The bout in Las Vegas on Saturday next week will see Russia’s Kovalev, 30-0 with one draw and 26 knockouts, defend the World Boxing Association, International Boxing Federation and World Boxing Organization crowns for a fifth time since beating Bernard Hopkins for them all in a unification bout.
“This fight is a great opportunity for both of us to show the boxing world who is the best pound-for-pound,” Kovalev said. “It’s going to be a war between us.”
Ward, a 32-year-old American, is 30-0 with 15 knockouts. He was the 2004 Athens Olympics light heavyweight champion, the most recent US fighter to claim Olympic gold.
“I’ve heard people say I’m not the same fighter I was in my 20s and I hope I’m not,” Ward said. “I should be getting better.”
After an 18-month layoff, Ward fights for the third time in 17 months, his most recent triumph a unanimous decision over Colombia’s Alexander Brand three months ago before a hometown crowd in Oakland, California.

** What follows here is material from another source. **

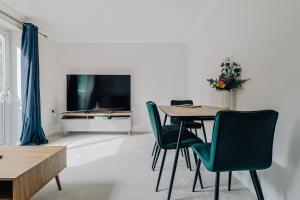 a living room with a table and chairs and a television at stylish apartment in Bournemouth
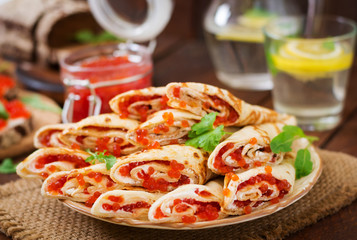 Pancakes with red caviar on plate. Russian cuisine. Maslenitsa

“It’s surreal. Fighting as a young kid we never got too caught up in ourselves. I get a little scared to look back on what we’ve accomplished and relish it, because the clock is still ticking. I’m still going. I’ve got to show up and do what I’m still doing. When I do peek back, just for a split second, it’s overwhelming,” Ward said
Ward, who held a share of the world super middleweight crown from 2009 to 2013, said the fight would go beyond easy labels of Kovalev as a big puncher and Ward as an elusive target trying to get rivals off their game.
“If it was just about me being a neutralizer, some of these big punchers would walk right through me. There’s more to me than that,” Ward said. “He’s not a brawler. He thinks in there. We’re ready for whatever he brings. That’s the key. It’s about making constant adjustments.”
Kovalev, 33, had been in talks to fight for an undisputed title with Haitian-born Canadian southpaw Adonis Stevenson, the World Boxing Council champion who is 28-1 with 23 knockouts, but when no deal could be struck, Kovalev surrendered his mandatory challenger rights to face a fighter he said he thinks will be his toughest foe yet.
“He has never lost before, but it’s my job. Let me do it and break his zero,” Kovalev said. “I don’t have any different strategy. My strategy is just to win.”
“He’s in the way of my goals and my dreams. I can’t give this to him. I want to destroy him,” he added.